所得だけではわからない…沖縄は「幸福度」が全国で最も高いワケ
ビジネスチャンス、そして暮らしやすさを求めて、沖縄に進出する人は少なくありません。一方で、撤退する人も同様に多いと言われます。「沖縄は日本語の通じる外国と考えたほうがうまくいく」と話すのが、琉球王国を建国した尚巴志王の末裔であり、沖縄進出コンサルタントとして、「本土企業」のお手伝いをしている伊波貢さん。沖縄独自のビジネス慣習「沖縄ルール」について、伊波さんの著書『沖縄ルール 知っておくとビジネスも人間関係もうまくいく!』から紹介します。 【画像でわかる】沖縄の食堂メニューは「カオス」
■所得や人口だけで判断するとマーケットサイズを見誤る 2023年9月現在、沖縄県の推計人口は約147万人です。しかし、この人口をベースにマーケティングをすると判断を見誤る恐れがあります。沖縄の場合、県民のほかに米国軍人・軍属が約4万7000人住んでいるといわれます(正確な数字は非公表です)。 さらに、住民票を移動させていない住民や2拠点居住者、民間企業の沖縄駐在員も数多くいます。さらに観光客が年間で約1000万人(コロナ前の水準)が訪れます。こうした要因を考慮すると、沖縄の実際の購買人口は少なくとも160万~170万人ぐらいにはなるでしょう。意外にも人口に比べ、マーケット規模は大きいのです。
そもそも沖縄の県民所得は全国最下位水準ですが、実は消費性向が高い県民性で、稼いだお金を貯め込むという考えがあまり定着していないためか、購買力が非常に高いのが特徴です。 その結果、回転寿司やカレー、うどん、ハンバーガーショップなど、ファストフード店は、あらゆる種類の業態が沖縄に出店し定着しています。本土で成功しているFCチェーン店は、沖縄にも普通に出店しています。

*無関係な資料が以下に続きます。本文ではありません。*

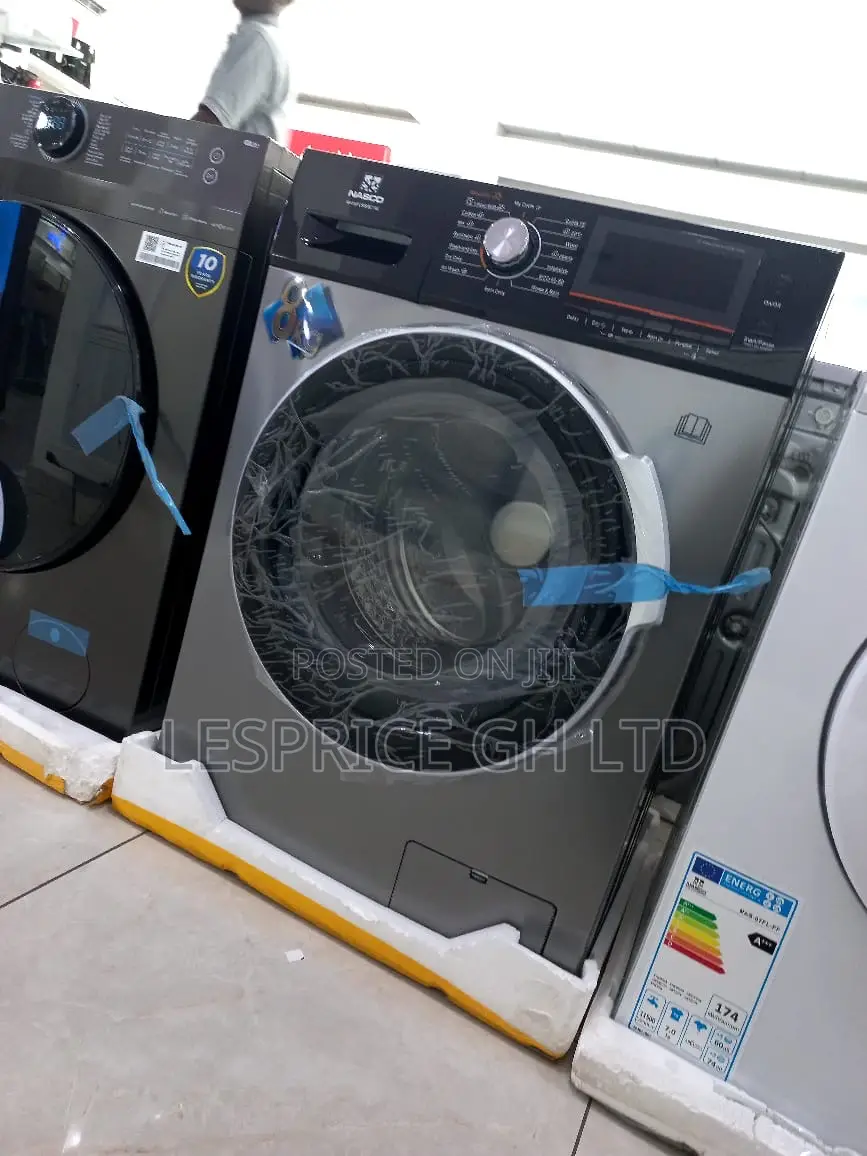 Premium Quality ~Nasco 8kg Washing Machine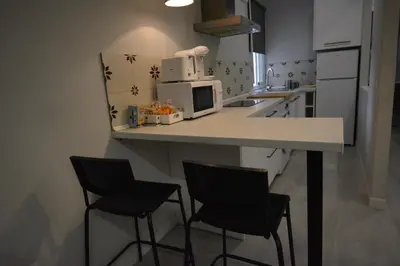 Una cocina o zona de cocina en Apartamento Calle Concepción Pleno Centro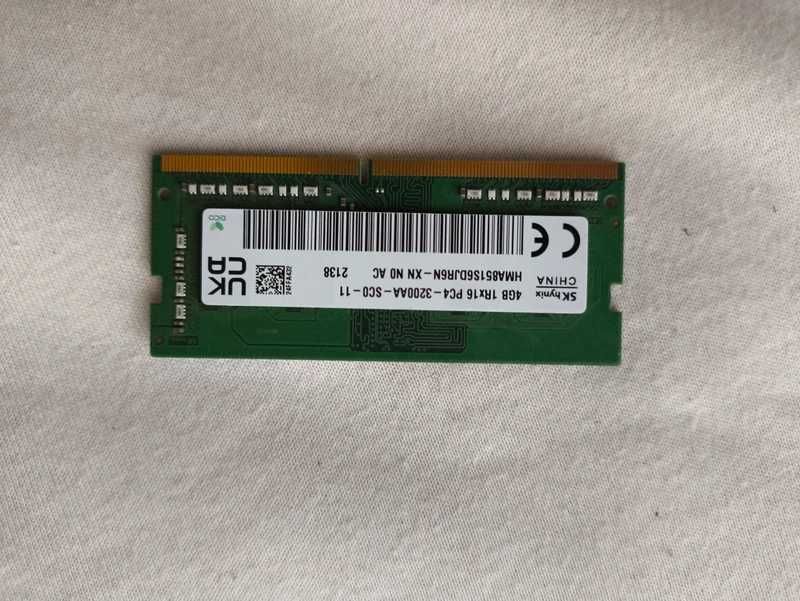 Memoria Ram DDR4 de 16GB e 4GB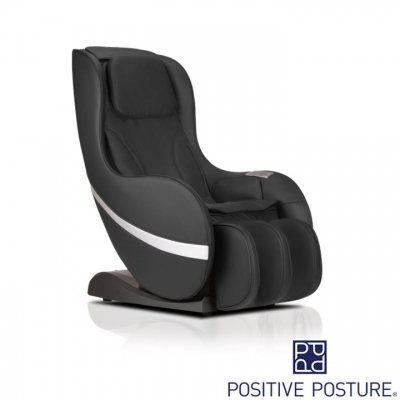 Positive Posture Sol Massage Chair in Black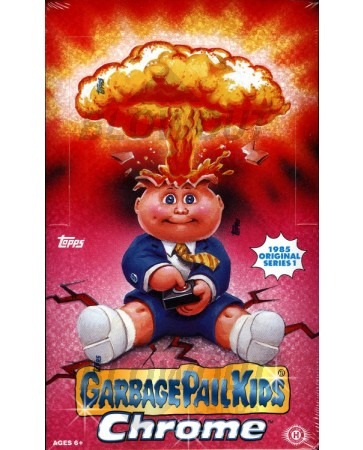 Topps Garbage Pail Kids Chrome Series 1 - Box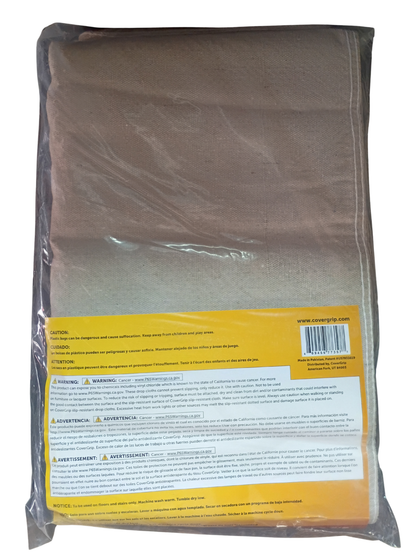CoverGrip nonslip canvas drop cloth 3.5x12'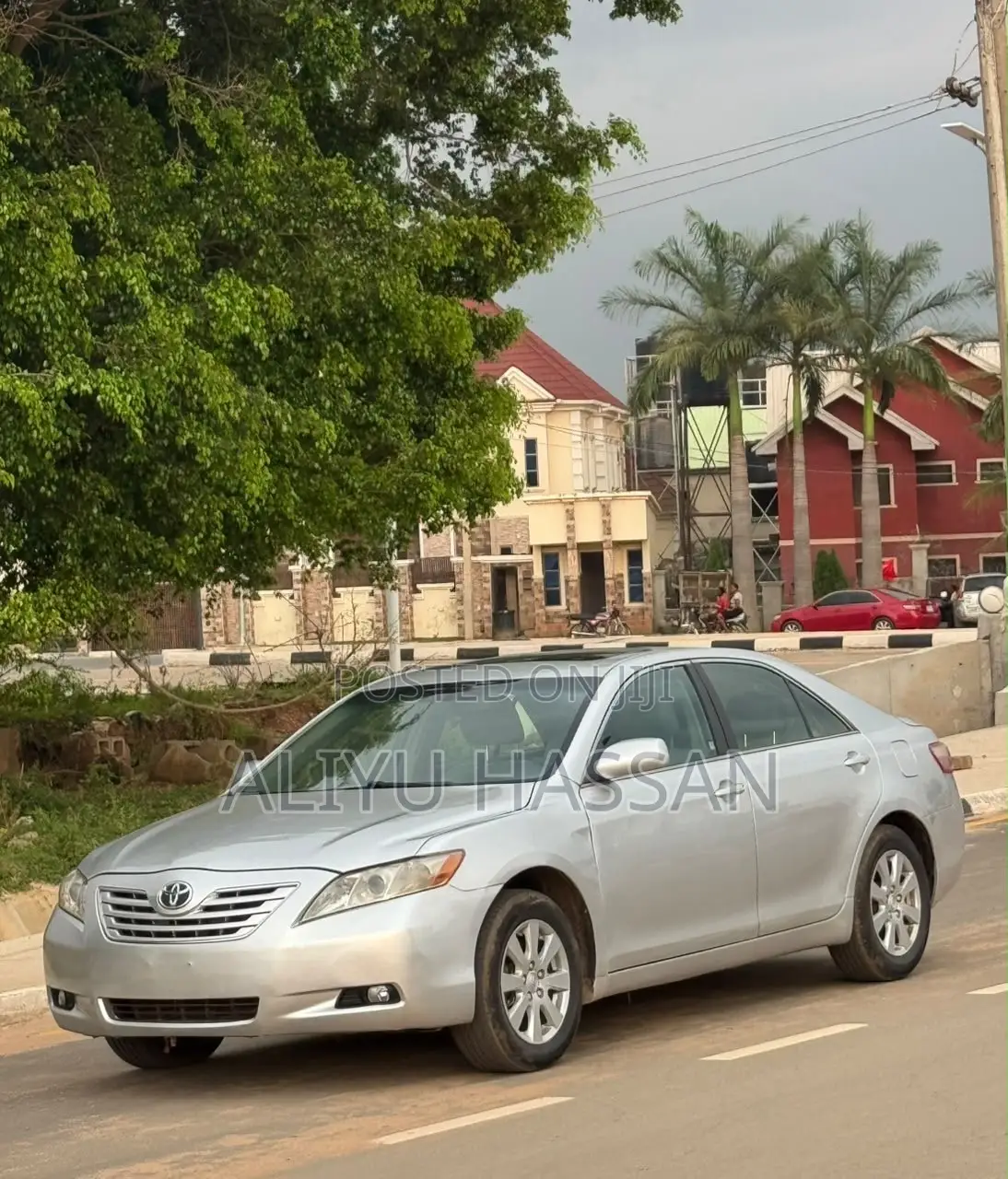 Toyota Camry 2008 Silver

こんな小さい島の沖縄県で? と思われるかもしれませんが、実のところ意外と経済力があるから、チェーン店はこぞって沖縄に出店しているわけです。
沖縄県内には7125カ所(令和3年経済センサス)の飲食店がある。これは人口あたりに換算すると全国2位の水準です。一方で、ファミリーレストランの文化は本土ほど浸透していないといわれます。この背景に沖縄の食堂の存在の大きさがあるように感じます。 マーケティング戦略を構築する際には、さまざまな市場のなかから、どの市場を狙うか決めるターゲティングが重要な要素になります。例えば、シーブリーズは10~20代の女子高生の市場に狙いを定め、売り上げを大きく飛躍させたといわれます。本土企業が沖縄に進出する際にも、当然ながら本土で培ってきたノウハウを基にセグメンテーションしつつ市場を細分化し、複数のターゲットを想定しながらビジネス展開します。